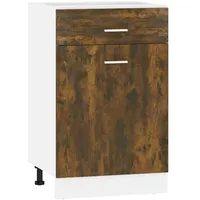 VidaXL Unterschrank mit Schublade Räuchereiche 50x46x81,5 cm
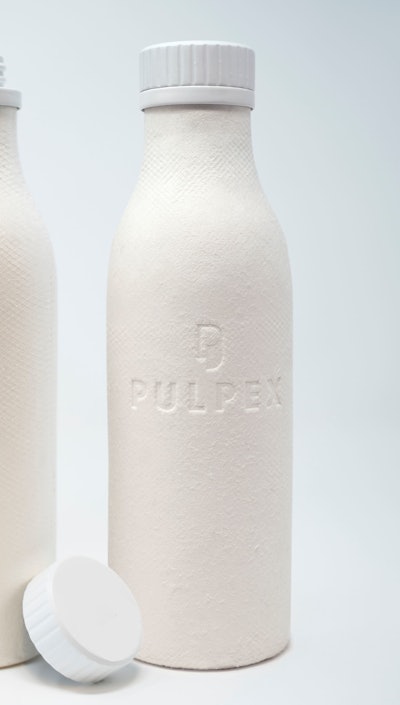 Pulpex is the world’s first widely recyclable, brandable paper bottle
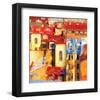 Glowing City Art Painting-null-Framed Art Print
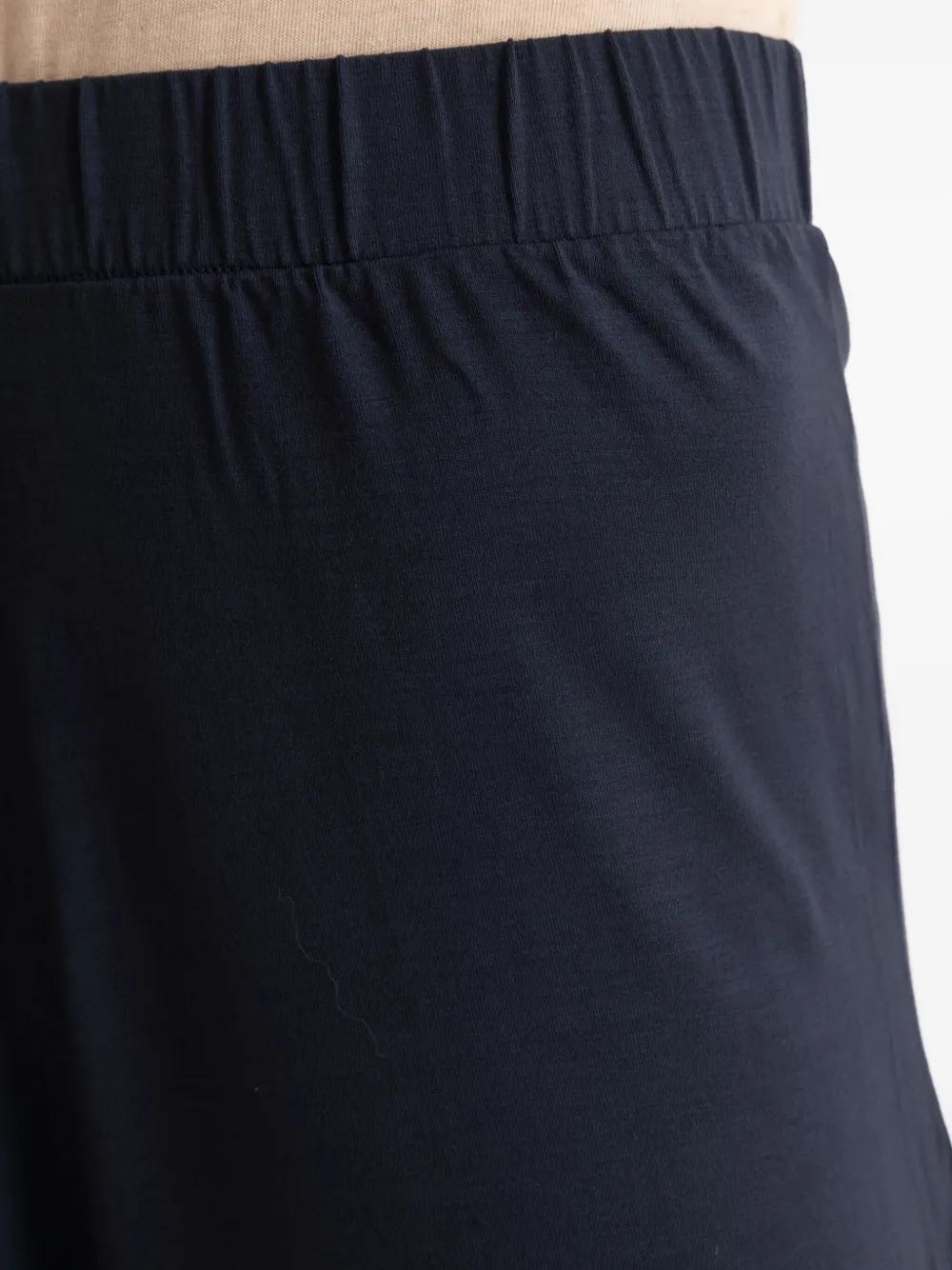 Lygia & Nanny Elastic-waist Cropped Trousers In Blue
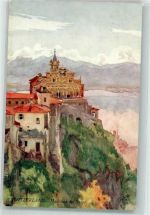 Madonna del Sasso Künstlerkarte Verlag Tuck Serie Alpen Oilette sign. McCormick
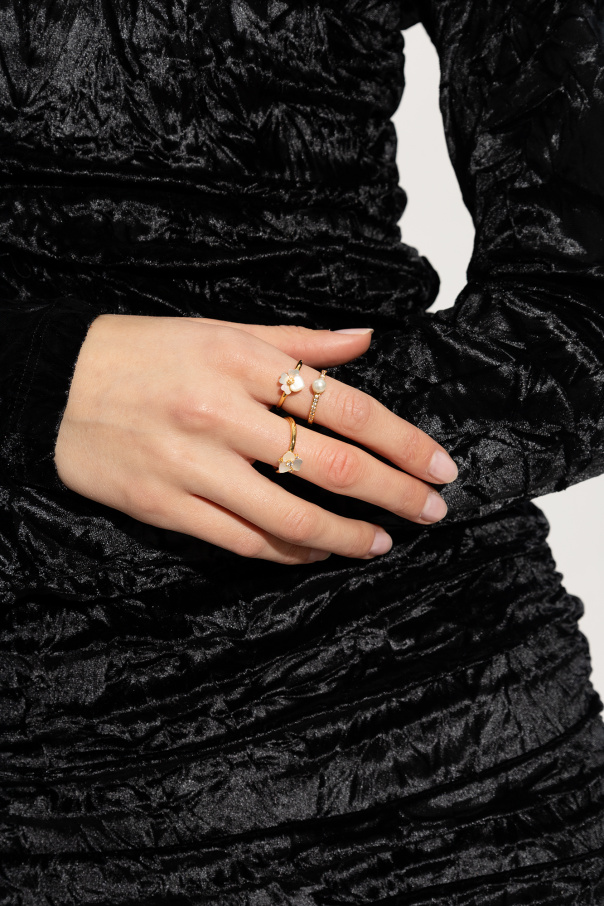 Kate Spade Zestaw trzech pierścieni ‘z kolekcji ‘Precious Pansy’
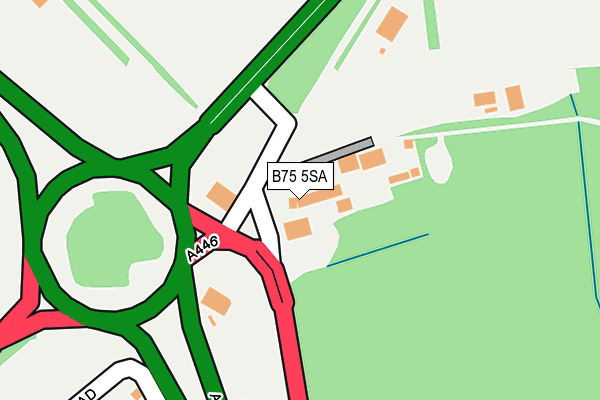 B75 5SA map - OS OpenMap – Local (Ordnance Survey)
========================================
The task: Where an image appears in the data, skip it, and return the rest verbatim.

Finished task:
 VidaXL Unterschrank mit Schublade Räuchereiche 50x46x81,5 cm
 Pulpex is the world’s first widely recyclable, brandable paper bottle
 Glowing City Art Painting-null-Framed Art Print
 Lygia & Nanny Elastic-waist Cropped Trousers In Blue
 Madonna del Sasso Künstlerkarte Verlag Tuck Serie Alpen Oilette sign. McCormick
 Kate Spade Zestaw trzech pierścieni ‘z kolekcji ‘Precious Pansy’
 B75 5SA map - OS OpenMap – Local (Ordnance Survey)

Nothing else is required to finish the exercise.